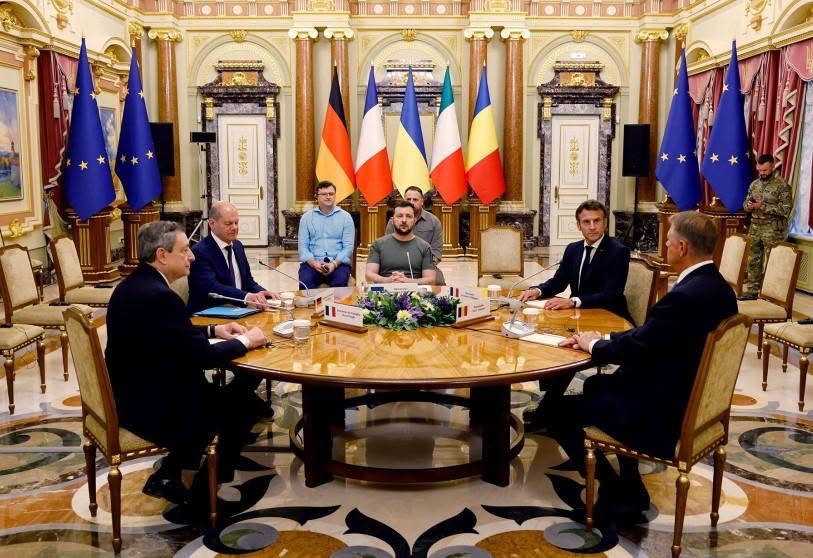 Kan een afbeelding zijn van 6 mensen, zittende mensen en staande mensen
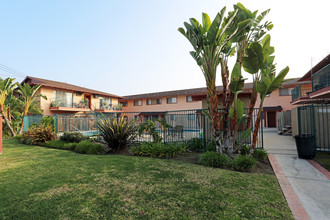 Mountain View Townhouse in Fullerton, CA - Foto de edificio - Building Photo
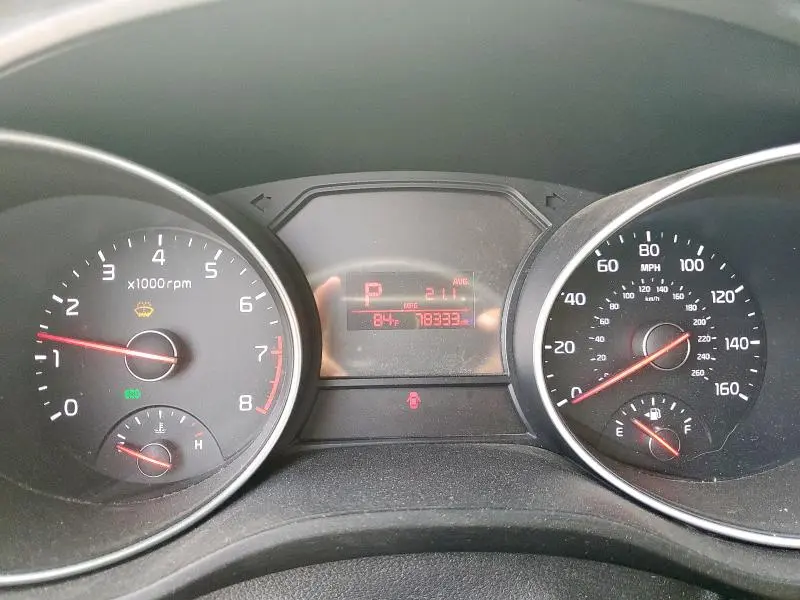 2015 KIA SEDONA LX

◆ **EXERCISE INSTRUCTIONS**:
Leave out the pictures and give the rest of the material again, unaltered.

◆ **SOLUTION**:
 Kan een afbeelding zijn van 6 mensen, zittende mensen en staande mensen
 Mountain View Townhouse in Fullerton, CA - Foto de edificio - Building Photo
 2015 KIA SEDONA LX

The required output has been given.